# Unexpected discoveries



## Tandy (Sep 22, 2004)

[8|] I was given the object shown below by a friend of mine, and I am wondering if anyone can shed any light on it.

 Actual size - 170 mm diameter, 10 mm thick.


----------



## LaidBackJack (Sep 22, 2004)

Just a wild guess, but depending on what it's made of it could be part of a calcium battery, with the battery Co.embossing on it. These batteries are used for remote weather stations, Telephone Co.installations etc. and have been popular here in the USA for alternate energy set-ups "off the grid" to store power from solar or wind generator systems. I have seen round ones before, and they're big & heavy & made with alternating plates sort of like that. The holes would be for an anode & connecting them all together, presumably. Usually 2 volts each and used in sets of 6 for 12V DC systems.

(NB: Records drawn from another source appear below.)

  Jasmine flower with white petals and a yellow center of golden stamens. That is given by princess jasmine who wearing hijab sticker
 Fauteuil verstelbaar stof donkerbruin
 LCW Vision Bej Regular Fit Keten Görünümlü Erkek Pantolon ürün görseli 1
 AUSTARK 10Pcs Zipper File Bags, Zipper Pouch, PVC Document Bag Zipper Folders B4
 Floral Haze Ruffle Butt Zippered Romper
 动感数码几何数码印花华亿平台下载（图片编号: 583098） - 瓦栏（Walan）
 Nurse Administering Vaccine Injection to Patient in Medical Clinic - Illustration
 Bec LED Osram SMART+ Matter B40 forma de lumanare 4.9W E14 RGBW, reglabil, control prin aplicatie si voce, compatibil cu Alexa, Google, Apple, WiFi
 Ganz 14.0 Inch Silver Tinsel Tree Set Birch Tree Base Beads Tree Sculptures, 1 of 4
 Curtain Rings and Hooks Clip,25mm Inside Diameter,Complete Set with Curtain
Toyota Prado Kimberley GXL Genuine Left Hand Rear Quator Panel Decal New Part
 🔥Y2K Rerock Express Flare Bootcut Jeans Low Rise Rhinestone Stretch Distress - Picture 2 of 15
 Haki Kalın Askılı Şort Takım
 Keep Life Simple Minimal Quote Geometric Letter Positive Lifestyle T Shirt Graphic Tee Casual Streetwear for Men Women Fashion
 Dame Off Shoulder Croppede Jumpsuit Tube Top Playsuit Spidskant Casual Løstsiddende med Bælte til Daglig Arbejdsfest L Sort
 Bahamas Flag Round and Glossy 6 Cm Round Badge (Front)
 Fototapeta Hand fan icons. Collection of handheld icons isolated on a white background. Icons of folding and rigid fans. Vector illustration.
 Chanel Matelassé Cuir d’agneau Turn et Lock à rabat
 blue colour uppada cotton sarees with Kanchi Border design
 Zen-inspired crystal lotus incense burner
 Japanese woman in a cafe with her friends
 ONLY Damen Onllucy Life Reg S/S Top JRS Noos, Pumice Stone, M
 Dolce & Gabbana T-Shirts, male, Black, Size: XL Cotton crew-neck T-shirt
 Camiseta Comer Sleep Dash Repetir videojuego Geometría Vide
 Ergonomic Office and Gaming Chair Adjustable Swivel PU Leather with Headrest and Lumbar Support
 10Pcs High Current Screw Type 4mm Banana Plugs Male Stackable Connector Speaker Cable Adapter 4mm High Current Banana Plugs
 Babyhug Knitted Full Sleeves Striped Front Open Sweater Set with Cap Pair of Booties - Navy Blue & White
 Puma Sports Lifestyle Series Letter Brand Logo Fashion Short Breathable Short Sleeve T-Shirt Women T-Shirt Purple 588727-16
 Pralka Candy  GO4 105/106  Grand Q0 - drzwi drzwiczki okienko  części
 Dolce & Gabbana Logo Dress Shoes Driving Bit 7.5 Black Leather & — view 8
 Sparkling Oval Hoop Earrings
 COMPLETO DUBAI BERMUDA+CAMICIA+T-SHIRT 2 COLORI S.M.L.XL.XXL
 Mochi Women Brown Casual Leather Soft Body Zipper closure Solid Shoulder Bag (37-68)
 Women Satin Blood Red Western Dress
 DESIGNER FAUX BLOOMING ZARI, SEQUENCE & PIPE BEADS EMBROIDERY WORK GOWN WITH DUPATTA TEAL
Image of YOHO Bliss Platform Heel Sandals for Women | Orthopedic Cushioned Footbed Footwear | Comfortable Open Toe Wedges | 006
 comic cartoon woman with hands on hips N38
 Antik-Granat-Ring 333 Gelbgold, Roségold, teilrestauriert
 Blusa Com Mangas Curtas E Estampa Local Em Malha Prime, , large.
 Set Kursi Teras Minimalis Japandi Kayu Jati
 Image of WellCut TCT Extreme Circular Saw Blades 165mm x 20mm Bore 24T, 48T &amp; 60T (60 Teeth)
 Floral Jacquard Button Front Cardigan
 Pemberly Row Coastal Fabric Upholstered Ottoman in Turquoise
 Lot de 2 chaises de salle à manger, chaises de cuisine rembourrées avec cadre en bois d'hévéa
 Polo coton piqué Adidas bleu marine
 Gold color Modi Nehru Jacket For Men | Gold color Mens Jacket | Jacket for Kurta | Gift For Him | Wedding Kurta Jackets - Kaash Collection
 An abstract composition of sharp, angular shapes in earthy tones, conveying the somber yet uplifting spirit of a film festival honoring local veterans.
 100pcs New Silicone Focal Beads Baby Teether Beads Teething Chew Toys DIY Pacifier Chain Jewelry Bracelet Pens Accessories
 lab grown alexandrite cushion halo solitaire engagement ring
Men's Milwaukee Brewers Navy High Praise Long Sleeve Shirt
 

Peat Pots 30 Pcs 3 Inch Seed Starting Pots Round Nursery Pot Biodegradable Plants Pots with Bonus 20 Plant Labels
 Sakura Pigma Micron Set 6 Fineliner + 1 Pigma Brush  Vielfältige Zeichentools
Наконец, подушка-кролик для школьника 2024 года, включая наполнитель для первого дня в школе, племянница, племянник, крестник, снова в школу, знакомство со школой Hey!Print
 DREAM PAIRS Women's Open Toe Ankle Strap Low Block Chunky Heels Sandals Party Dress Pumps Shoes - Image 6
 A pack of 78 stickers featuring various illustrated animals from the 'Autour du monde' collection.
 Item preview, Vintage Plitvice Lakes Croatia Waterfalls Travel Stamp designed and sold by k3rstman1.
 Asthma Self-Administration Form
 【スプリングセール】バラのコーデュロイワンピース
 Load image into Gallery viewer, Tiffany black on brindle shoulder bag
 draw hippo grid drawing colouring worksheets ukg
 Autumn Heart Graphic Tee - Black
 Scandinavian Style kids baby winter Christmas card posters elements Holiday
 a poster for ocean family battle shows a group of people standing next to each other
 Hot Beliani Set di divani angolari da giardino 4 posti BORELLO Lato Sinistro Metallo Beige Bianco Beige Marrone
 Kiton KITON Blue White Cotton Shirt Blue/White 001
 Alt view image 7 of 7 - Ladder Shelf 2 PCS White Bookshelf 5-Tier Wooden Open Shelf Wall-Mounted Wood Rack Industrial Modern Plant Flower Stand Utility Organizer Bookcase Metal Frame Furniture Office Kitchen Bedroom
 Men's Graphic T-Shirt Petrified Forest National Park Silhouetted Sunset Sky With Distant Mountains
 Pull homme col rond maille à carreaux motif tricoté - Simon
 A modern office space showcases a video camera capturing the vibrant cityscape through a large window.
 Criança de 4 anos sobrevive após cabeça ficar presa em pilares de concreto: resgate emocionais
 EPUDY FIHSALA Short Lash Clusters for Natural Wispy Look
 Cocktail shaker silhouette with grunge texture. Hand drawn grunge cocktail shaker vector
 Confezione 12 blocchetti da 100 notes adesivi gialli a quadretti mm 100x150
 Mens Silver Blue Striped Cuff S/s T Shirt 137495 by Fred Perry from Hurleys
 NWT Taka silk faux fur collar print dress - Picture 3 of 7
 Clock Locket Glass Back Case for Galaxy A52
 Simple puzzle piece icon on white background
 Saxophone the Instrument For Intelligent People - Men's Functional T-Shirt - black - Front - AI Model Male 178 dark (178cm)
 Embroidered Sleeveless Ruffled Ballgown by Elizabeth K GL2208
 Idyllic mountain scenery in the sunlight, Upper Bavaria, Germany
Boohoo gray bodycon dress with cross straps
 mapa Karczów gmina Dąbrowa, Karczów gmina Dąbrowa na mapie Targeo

They've been around for a long time, not usefull for many things because of size & weight & the fact they are very shallow cycle batteries & must be kept fully charged up & not drawn down very much or they'll go flat & be useless. Like I said, just a wild guess, and probably wrong...but it was fun guessing. Someone will know for sure.


----------



## Roger (Sep 23, 2004)

*LaidBackJack* is correct [] and here is a link to a picture of a complete battery and another of the attached electrodes.


----------



## Tandy (Sep 23, 2004)

[] Many thanks to LaidBackJack and Roger for identifying the battery top. It will make an interesting exhibit at our club's next meeting.


----------



## LaidBackJack (Sep 23, 2004)

*Dang!*

Really, I was blue-sky guessing!  Last time I saw one was 30 years ago in Montana. If only I could be so lucky picking lottery numbers.


----------



## Tandy (Sep 24, 2004)

[] LaidBackJack, as you probably saw, Roger included two jpg from a website, which I looked up, and found that it is indeed a battery cover, but not exactly the type shown in the jpgs. The interesting question is, how did it get to South Australia? I have never seen anything remotely like it over here, so I am stumped.

 Cheers from Downunder!


----------



## LaidBackJack (Sep 24, 2004)

How did it get there? Good question, I won't guess about that, but I will suggest that originally there was probably more than just the one. 2 volts of battery power wouldn't be of much use for anything. Maybe you will find another one someday.


----------



## Tandy (Sep 24, 2004)

Hi LaidBackJack!

 As Australia had what was known as the Overland Telegraph, there may well have been many more over here.

 Here is a website that tells you about the Overland Telegraph. 

 http://home.iprimus.com.au/oseagram/morse.html


----------